• _TASK REQUIREMENTS_
Please restate word for word the lines of the entries below from the one with "304 Stainless Steel" to the one with "KONSUM Mezete Hummus 215g Angebot", inclusive, and leave out every picture.

• _INPUT FOR THIS TASK_
○ ○ ○ ○
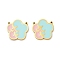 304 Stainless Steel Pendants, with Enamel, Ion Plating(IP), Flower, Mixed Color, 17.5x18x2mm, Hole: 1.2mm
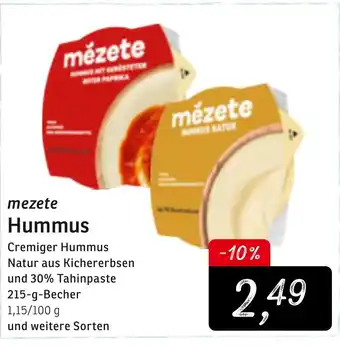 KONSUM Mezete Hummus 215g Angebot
○ ○ ○ ○
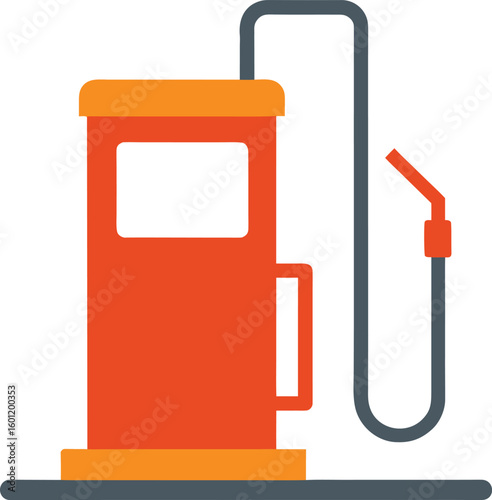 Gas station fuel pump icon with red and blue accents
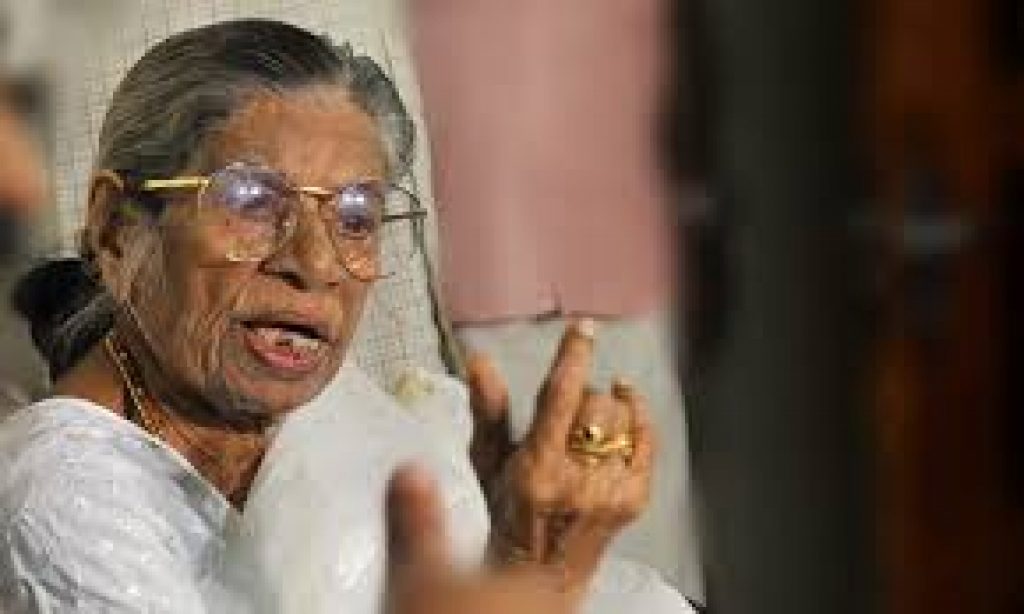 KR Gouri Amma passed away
○ ○ ○ ○
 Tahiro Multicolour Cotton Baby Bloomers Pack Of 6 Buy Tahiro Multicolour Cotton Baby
○ ○ ○ ○
• _EXPECTED ANSWER_
 304 Stainless Steel Pendants, with Enamel, Ion Plating(IP), Flower, Mixed Color, 17.5x18x2mm, Hole: 1.2mm
 KONSUM Mezete Hummus 215g Angebot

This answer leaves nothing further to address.